Chapter 3: Hearing Evidence through Television Links or by Telephone
Section 29: Hearing witnesses abroad through television links

87.Article 10 of the MLAC permits the hearing of witnesses by video link where it is neither possible nor desirable for the witness to travel from his Member State to that where his evidence is required.

88.Outgoing requests from the UK are currently covered by the provisions contained in section 32 of the Criminal Justice Act 1988, and section 273 of the Criminal Procedure (Scotland) Act 1995, which allow the use of video links in limited circumstances.

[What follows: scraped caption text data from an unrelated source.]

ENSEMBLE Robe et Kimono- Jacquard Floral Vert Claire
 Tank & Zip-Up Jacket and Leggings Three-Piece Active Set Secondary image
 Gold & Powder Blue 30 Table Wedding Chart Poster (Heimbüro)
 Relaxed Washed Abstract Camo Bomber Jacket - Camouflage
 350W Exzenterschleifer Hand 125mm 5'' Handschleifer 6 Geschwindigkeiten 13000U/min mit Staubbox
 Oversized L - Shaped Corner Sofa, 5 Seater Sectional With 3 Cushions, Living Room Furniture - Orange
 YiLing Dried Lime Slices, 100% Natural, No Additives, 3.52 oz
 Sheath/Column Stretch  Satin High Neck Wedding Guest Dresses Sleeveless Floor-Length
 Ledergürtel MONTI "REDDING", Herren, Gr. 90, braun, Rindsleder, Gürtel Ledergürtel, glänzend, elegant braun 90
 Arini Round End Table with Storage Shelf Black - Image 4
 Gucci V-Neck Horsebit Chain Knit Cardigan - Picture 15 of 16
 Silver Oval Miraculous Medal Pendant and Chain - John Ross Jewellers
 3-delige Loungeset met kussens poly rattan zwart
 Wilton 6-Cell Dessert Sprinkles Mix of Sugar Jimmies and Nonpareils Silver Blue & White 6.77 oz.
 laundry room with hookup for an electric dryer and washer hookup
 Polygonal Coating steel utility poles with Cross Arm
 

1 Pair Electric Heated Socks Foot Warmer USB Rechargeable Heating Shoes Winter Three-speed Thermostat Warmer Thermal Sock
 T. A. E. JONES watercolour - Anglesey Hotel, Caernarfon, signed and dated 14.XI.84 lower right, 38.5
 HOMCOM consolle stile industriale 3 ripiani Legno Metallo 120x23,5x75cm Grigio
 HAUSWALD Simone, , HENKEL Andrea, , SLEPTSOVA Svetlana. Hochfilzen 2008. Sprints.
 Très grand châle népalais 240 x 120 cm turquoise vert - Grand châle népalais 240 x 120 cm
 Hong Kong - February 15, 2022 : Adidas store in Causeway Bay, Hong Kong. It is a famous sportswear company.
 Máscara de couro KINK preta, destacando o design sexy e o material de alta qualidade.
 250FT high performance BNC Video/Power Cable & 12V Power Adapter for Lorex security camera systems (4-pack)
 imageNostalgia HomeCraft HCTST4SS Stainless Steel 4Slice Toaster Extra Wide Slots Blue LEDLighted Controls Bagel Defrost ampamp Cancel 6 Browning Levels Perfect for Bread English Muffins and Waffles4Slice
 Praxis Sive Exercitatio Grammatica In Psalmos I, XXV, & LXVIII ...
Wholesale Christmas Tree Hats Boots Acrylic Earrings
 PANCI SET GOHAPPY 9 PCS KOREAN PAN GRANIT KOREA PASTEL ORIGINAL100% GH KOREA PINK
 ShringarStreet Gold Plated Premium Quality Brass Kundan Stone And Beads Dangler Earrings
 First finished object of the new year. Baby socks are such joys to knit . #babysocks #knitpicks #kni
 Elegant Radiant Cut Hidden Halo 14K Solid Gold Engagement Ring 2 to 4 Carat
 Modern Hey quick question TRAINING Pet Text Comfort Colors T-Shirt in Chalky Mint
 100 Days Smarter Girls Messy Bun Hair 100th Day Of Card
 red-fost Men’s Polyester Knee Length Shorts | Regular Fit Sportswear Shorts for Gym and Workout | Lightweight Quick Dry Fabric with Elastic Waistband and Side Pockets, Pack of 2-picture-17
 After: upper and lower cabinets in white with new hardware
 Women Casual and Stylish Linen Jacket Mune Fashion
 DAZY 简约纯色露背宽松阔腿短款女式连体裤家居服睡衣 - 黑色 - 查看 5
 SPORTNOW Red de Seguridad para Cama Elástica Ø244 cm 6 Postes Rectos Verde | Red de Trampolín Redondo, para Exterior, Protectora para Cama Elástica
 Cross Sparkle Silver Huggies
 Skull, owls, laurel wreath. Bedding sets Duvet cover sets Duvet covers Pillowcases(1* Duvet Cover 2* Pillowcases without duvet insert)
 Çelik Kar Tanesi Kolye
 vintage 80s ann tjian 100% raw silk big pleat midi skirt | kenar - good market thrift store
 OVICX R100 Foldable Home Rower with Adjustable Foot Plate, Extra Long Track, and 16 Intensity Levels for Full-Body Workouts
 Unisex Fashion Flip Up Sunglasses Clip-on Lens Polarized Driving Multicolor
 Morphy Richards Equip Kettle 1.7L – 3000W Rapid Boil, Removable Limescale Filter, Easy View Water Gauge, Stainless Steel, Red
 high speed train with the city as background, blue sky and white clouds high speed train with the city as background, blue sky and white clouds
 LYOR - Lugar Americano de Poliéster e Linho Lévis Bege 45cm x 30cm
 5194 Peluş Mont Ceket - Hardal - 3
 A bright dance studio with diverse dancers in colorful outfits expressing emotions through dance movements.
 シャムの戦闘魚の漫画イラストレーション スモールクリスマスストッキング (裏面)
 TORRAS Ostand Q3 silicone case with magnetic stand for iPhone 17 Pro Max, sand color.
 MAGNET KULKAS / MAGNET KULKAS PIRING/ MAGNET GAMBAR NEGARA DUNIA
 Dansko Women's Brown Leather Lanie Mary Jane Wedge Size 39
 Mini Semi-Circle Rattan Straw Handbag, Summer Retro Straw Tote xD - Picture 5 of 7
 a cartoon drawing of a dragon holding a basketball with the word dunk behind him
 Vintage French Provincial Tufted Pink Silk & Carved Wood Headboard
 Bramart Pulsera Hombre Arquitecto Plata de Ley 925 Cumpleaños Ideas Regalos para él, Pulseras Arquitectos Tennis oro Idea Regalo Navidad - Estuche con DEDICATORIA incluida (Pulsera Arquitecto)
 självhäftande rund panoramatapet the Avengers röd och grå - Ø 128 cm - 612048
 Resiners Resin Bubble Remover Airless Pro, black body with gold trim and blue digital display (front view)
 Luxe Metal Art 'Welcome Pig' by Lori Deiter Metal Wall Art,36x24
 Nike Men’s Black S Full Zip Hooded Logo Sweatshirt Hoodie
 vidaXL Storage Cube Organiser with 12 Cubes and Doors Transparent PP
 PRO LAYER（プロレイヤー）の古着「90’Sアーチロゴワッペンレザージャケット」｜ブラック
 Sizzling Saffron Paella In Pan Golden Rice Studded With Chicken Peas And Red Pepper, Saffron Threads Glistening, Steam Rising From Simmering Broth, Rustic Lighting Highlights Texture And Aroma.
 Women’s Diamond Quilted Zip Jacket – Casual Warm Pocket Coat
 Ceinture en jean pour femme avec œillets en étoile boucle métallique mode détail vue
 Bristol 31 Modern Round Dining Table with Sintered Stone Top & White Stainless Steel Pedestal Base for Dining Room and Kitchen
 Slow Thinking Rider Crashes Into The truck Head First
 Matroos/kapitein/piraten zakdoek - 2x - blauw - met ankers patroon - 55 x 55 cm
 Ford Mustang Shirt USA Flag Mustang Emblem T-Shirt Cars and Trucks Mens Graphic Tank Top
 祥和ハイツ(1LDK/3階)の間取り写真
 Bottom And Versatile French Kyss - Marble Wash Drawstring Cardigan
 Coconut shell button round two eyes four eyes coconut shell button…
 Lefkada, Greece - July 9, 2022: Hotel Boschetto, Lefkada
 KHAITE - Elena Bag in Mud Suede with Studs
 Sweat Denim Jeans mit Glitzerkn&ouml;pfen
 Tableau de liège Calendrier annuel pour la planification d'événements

The Act does not change the current position on the types of case when video links can be used to import evidence into UK court proceedings, although the section makes provision for the Secretary of State (or, in relation to Scotland, the Scottish Ministers) to extend this provision to other types of criminal proceedings in the future.

Section 30: Hearing witnesses in the UK through television links

89.This section introduces arrangements so that, for the first time, courts can take video evidence of witnesses for transmission abroad. All requests will be sent to the Secretary of State, (or, in Scotland, the Lord Advocate), who will then nominate a court where the hearing will take place. The proceedings will be subject to section 1 of the Perjury Act 1911, (in Northern Ireland, Article 3 of the Perjury (Northern Ireland) Order 1979, and, in Scotland, sections 44 to 46 of the Criminal Law (Consolidation) (Scotland) Act 1995 or any matter pertaining to the common law crime of perjury), and the rules on contempt of court will apply to the hearing. Although the hearing will not be a UK court proceeding, states must (in accordance with Article 10(8) of the MLAC), be able to deal with witnesses who refuse to testify or do not testify according to the truth under their domestic law.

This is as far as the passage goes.